▶ WHAT THE TASK REQUIRES:
Please give back the lines from the line containing "ایکستریم VX مدل" through the end of the listing below, exactly as written and without pictures.
[RECORDS TO USE Boundary: Start]
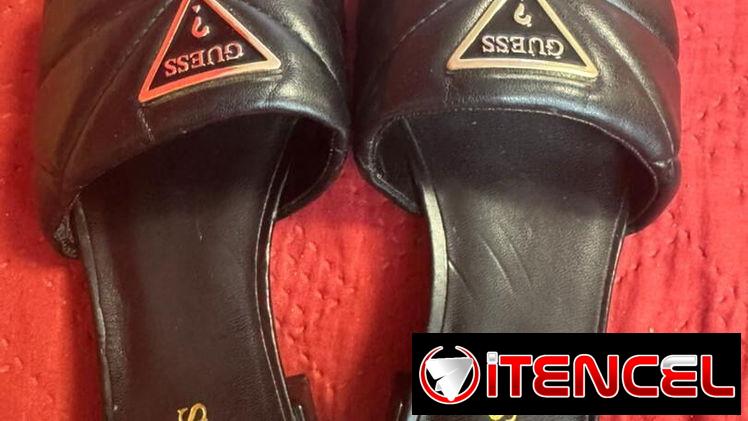 Zapatos de mujer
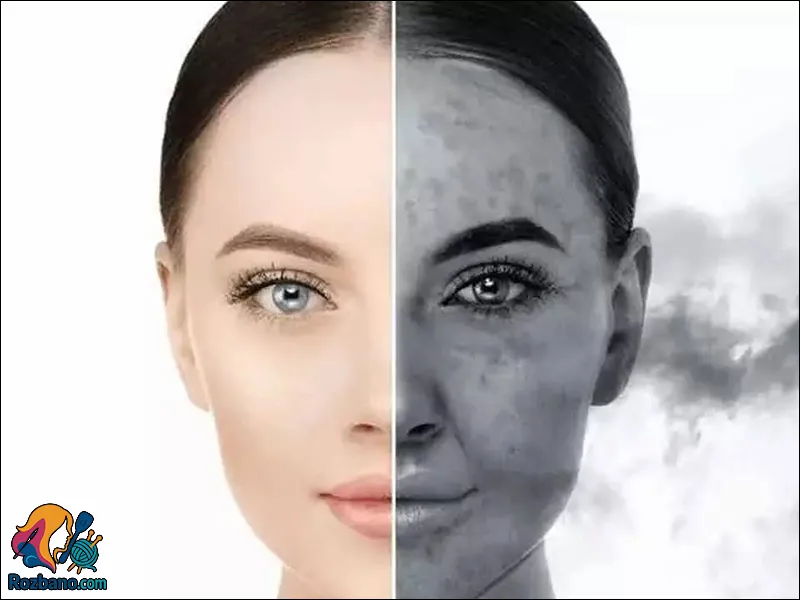 روش های مراقبت از پوست در آلودگی هوا برای سلامت پوست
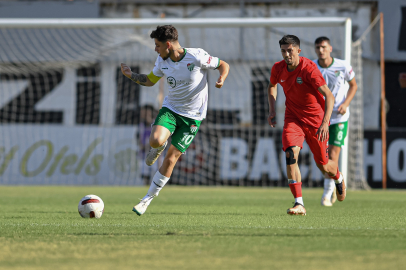 Bursaspor geçen sezonun 2 puan gerisinde kaldı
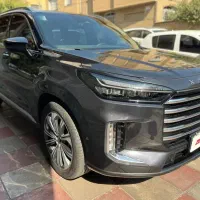 ایکستریم VX مدل 1403|خودرو سواری و وانت|تهران, اختیاریه|دیوار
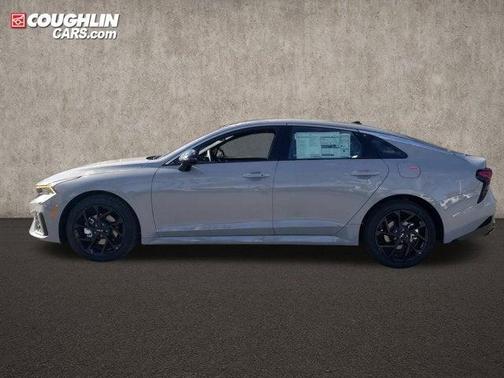 2026 Kia K5 GT-Line FWD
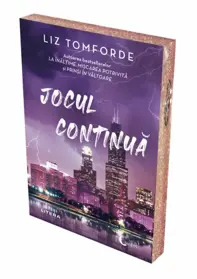 Jocul continua (resigilat)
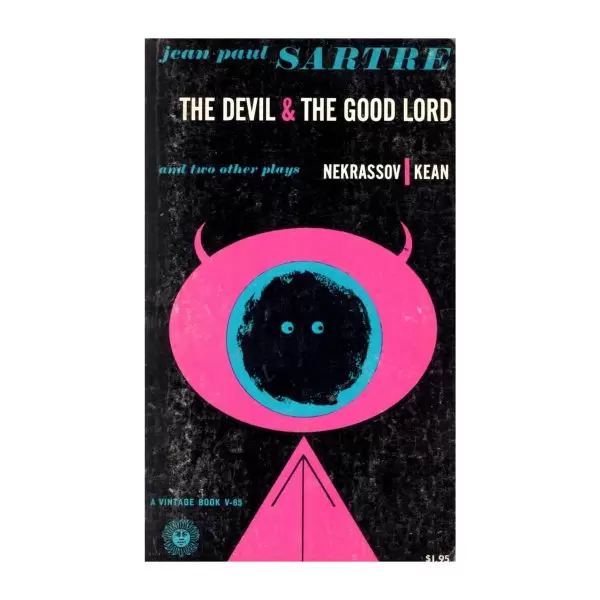 The Devil and the Good Lord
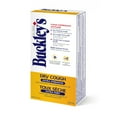 thumbnail image 3 of Buckley’s Dry Cough Extra Strength Cough Suppressant Syrup, 150ML, 3 of 4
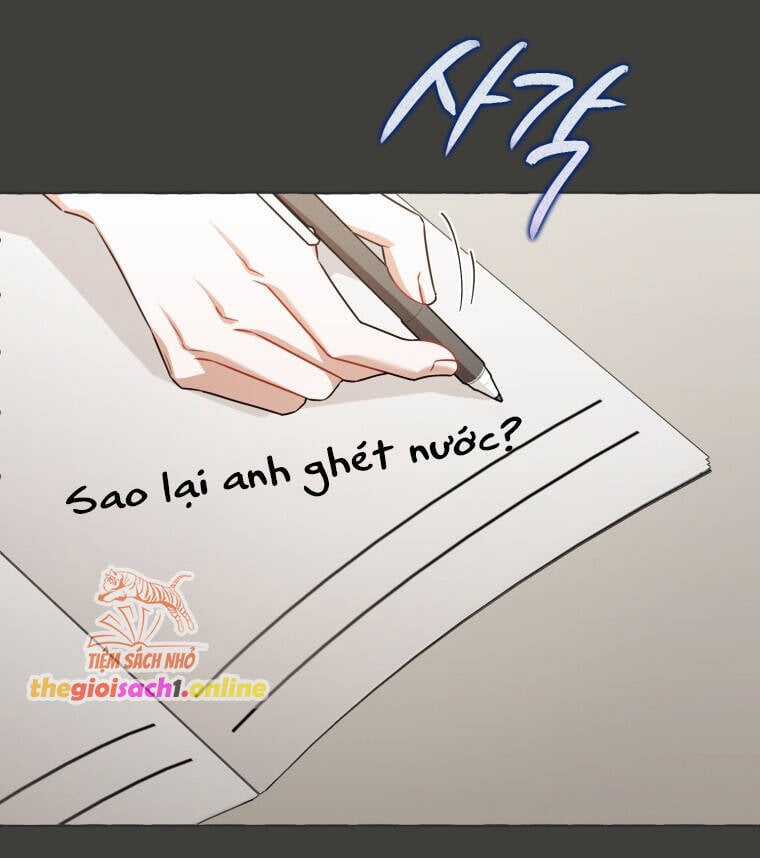 Khi Điện Thoại Đổ Chuông Chapter 19 trang 54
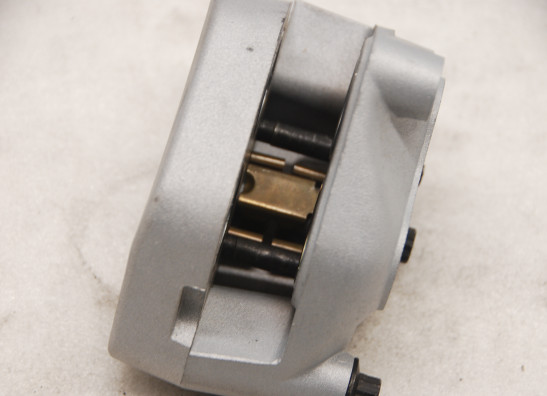 Remklauw links voor Harley Davidson VROD VRSC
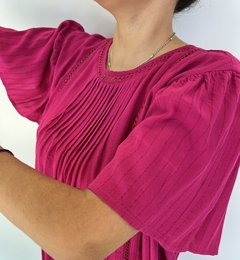 BLUSA en internet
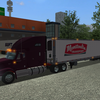 gts International 9400i 6x4... - GTS COMBO'S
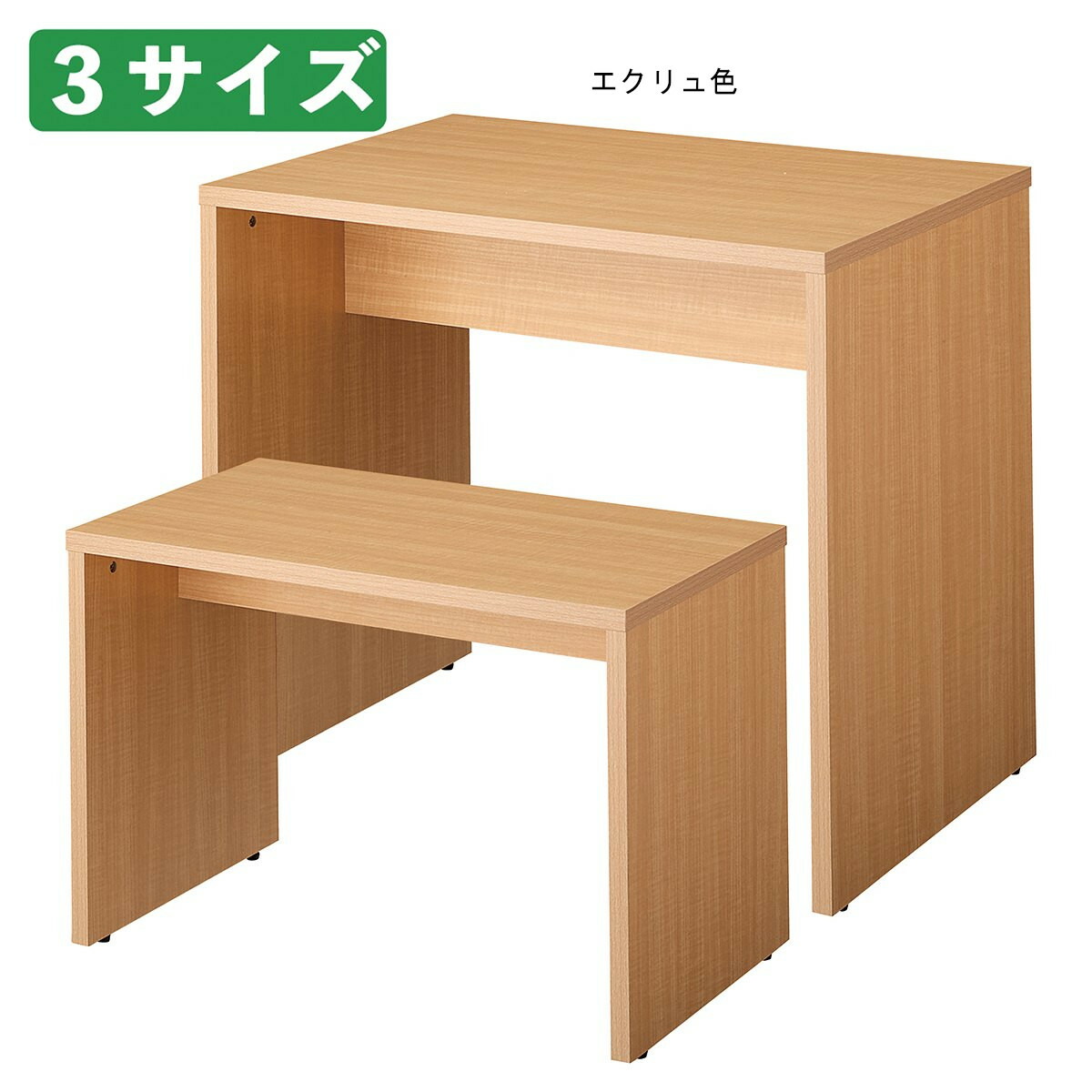 楽天市場】販売台 平台 マルシェ レジ台 受付 カウンターテーブル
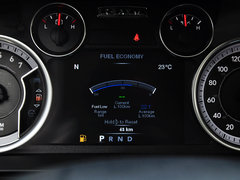 RAM Trucks霸王龙 2014款 5.7L 户外版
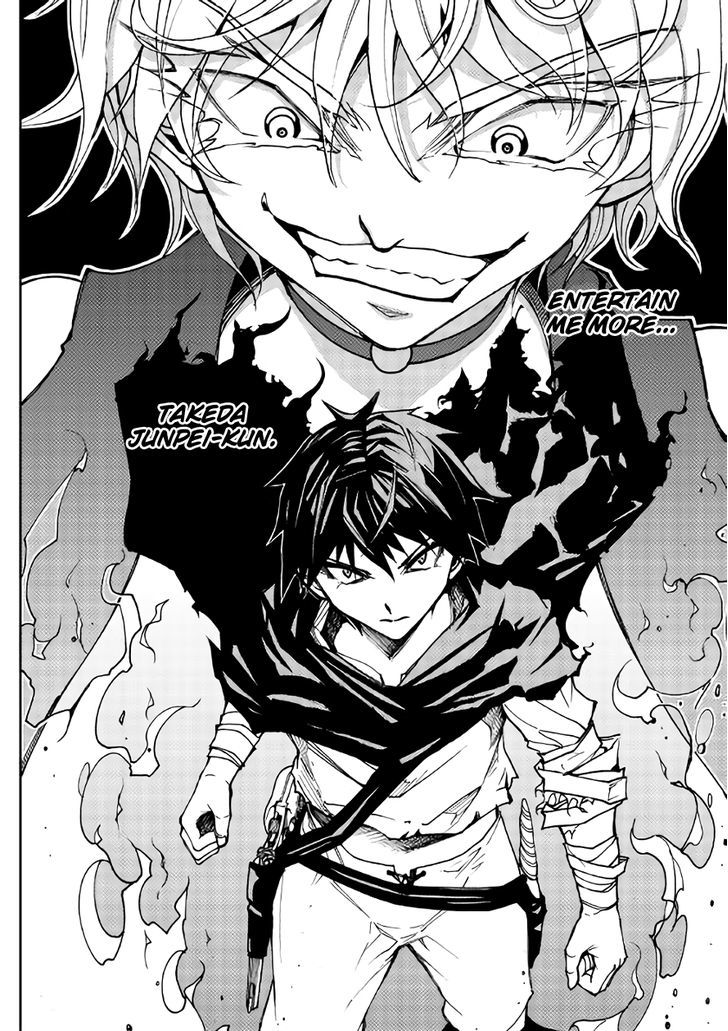 Dungeon Seeker 8 24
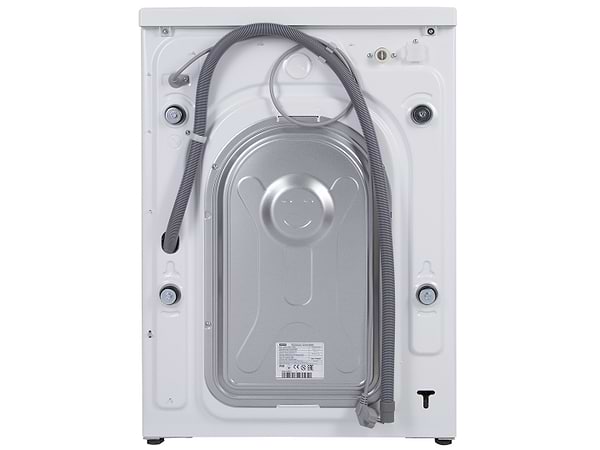 Фото - Стиральная машина Samsung WW60K42109WDUA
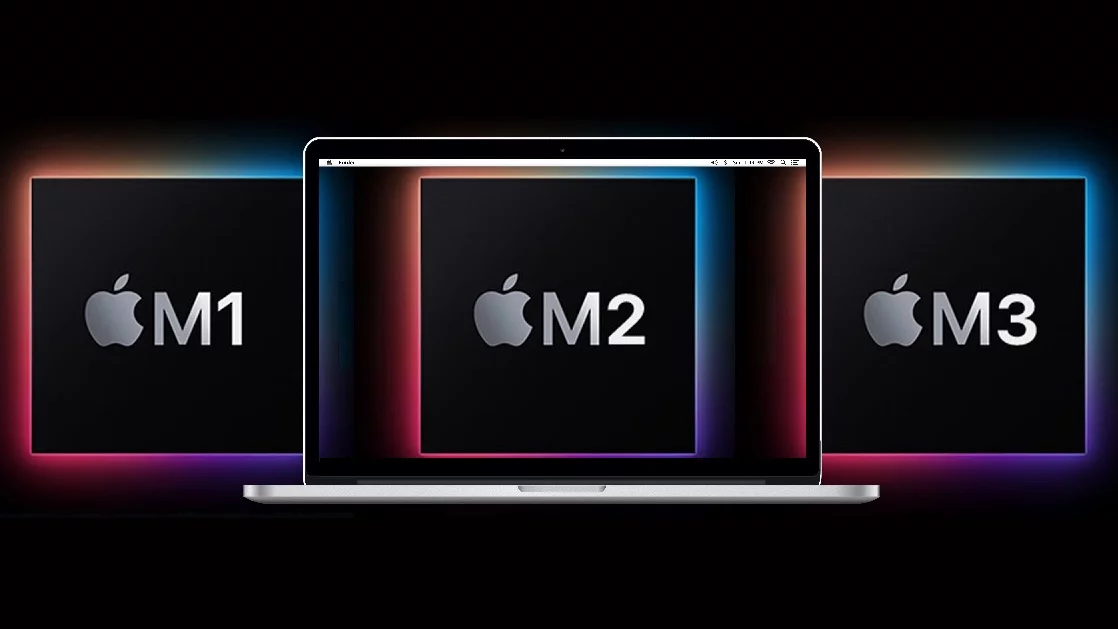 Apple запустила производство Apple M2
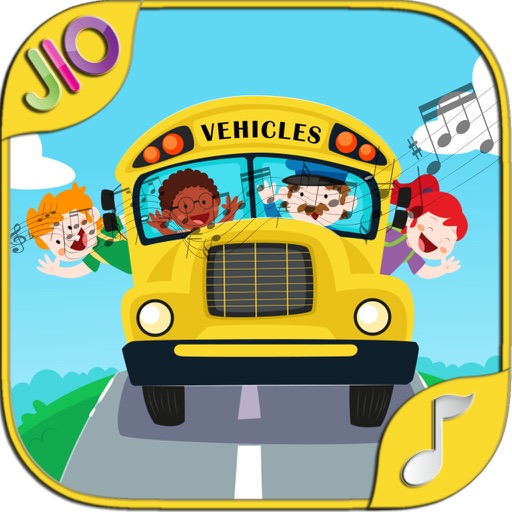 Vehicles Sound iOS App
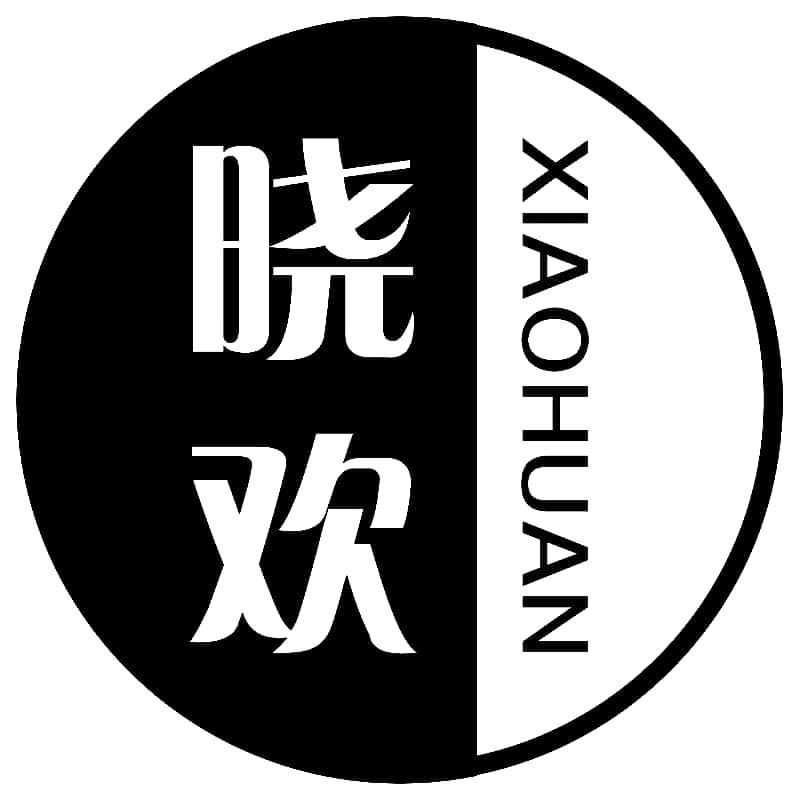 晓欢+XIAOHUAN+图形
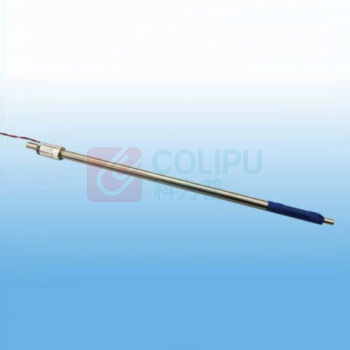 基康仪器 位移传感器 WDL-100B 量程100mm 长约30cm 多点变位计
[RECORDS TO USE Boundary: End]
▶ RESPONSE:
 ایکستریم VX مدل 1403|خودرو سواری و وانت|تهران, اختیاریه|دیوار
 2026 Kia K5 GT-Line FWD
 Jocul continua (resigilat)
 The Devil and the Good Lord
 thumbnail image 3 of Buckley’s Dry Cough Extra Strength Cough Suppressant Syrup, 150ML, 3 of 4
 Khi Điện Thoại Đổ Chuông Chapter 19 trang 54
 Remklauw links voor Harley Davidson VROD VRSC
 BLUSA en internet
 gts International 9400i 6x4... - GTS COMBO'S
 楽天市場】販売台 平台 マルシェ レジ台 受付 カウンターテーブル
 RAM Trucks霸王龙 2014款 5.7L 户外版
 Dungeon Seeker 8 24
 Фото - Стиральная машина Samsung WW60K42109WDUA
 Apple запустила производство Apple M2
 Vehicles Sound iOS App
 晓欢+XIAOHUAN+图形
 基康仪器 位移传感器 WDL-100B 量程100mm 长约30cm 多点变位计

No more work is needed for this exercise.